I musei: una gerarchia feudale

Di primo acchito, nei musei tutto appare diverso. Il Louvre a Parigi, gli Uffizi a Firenze, la National Gallery a Londra, il Metropolitan di New York, tanti luoghi elevati dove i visitatori sono certi di scoprire tramite l’arte le immagini dell’Egitto, della Grecia, di Roma, della Cina, del Giappone, o di seguire quelle dell’Occidente lungo il Medioevo, il Rinascimento e i secoli successivi. Perciò vi si recano in folla, a centinaia di migliaia, a milioni ogni anno, talvolta venuti di lontano, individualmente o più spesso in gruppo. Il sentimento che tutti provano, conscio o no, è che i musei, come le biblioteche, conservino la memoria collettiva, con la differenza che si permettono di scoprirla con un approccio sensibile, invece di decifrarla nei libri.

Da qualche decennio esistono musei d’arte moderna, in seguito alla mutazione subita o provocata dal nostro mondo. Come i musei d’arte antica hanno la funzione di proporci gli aspetti del passato, i musei d’arte moderna hanno quella di offrirci l’immagine pubblica e molteplice della nostra epoca. Da essi ci si attende, questo è il sentimento prevalente, che stabiliscano una sorta di continuità con l’arte antica oppure, se non è il caso, che mutamenti o rotture siano se non espliciti, almeno spiegati, in ogni caso spiegabili.

I musei d’arte moderna son così diventati uno degli elementi importanti del mondo dell’arte e del mercato che essi contribuiscono a far funzionare. Il mercante, in questo simile al collezionista, desidera vedervi le opere dei «suoi» artisti ben in vista. L’essere acquisita da una istituzione fornisce l’opera d’un potere supplementare, quello di essere parte del patrimonio pubblico, inalienabile in linea di principio; la collezione permanente è lo strumento di elaborazione della memoria collettiva. [5]

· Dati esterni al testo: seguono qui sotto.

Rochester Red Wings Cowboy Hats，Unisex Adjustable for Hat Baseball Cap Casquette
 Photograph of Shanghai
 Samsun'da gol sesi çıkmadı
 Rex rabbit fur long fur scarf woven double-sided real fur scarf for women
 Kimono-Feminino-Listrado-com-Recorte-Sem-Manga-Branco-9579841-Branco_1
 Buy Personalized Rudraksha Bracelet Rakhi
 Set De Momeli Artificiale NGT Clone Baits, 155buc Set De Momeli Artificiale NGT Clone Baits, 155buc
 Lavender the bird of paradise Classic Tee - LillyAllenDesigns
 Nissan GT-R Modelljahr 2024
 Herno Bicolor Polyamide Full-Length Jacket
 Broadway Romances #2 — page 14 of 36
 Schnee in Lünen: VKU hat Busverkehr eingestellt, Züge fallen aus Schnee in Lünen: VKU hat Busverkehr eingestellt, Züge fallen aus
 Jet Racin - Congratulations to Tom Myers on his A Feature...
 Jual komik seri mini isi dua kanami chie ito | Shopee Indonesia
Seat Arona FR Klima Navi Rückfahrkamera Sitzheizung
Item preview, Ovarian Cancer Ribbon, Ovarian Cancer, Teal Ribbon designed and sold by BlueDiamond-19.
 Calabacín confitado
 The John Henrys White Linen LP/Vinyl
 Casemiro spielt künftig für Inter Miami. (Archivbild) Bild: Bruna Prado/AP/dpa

I musei d’arte moderna rappresentano così contemporaneamente più parti: la parte di «designatore» attraverso gli acquisti; la parte di «conservatore» attraverso l’amministrazione delle collezioni già costituite o di quelle da costituire; la parte di «pubblicitario» attraverso l’esposizione pubblica delle opere acquisite (si aggiungono a questo le notizie dei cataloghi, i manifesti, le riproduzioni, le cartoline postali ecc.); la parte diretta, e più spesso indiretta, di «promotori» attraverso l’effetto di notorietà di cui s’avvantaggiano gli artisti prescelti, i mercanti, i collezionisti; senza tener conto del prestigio che i musei ottengono in occasione di acquisti prestigiosi (è spesso il caso dei musei americani), o di acquisti che hanno effettuato per primi e che valgono loro, quando l’artista diventa celebre, la reputazione di scopritori.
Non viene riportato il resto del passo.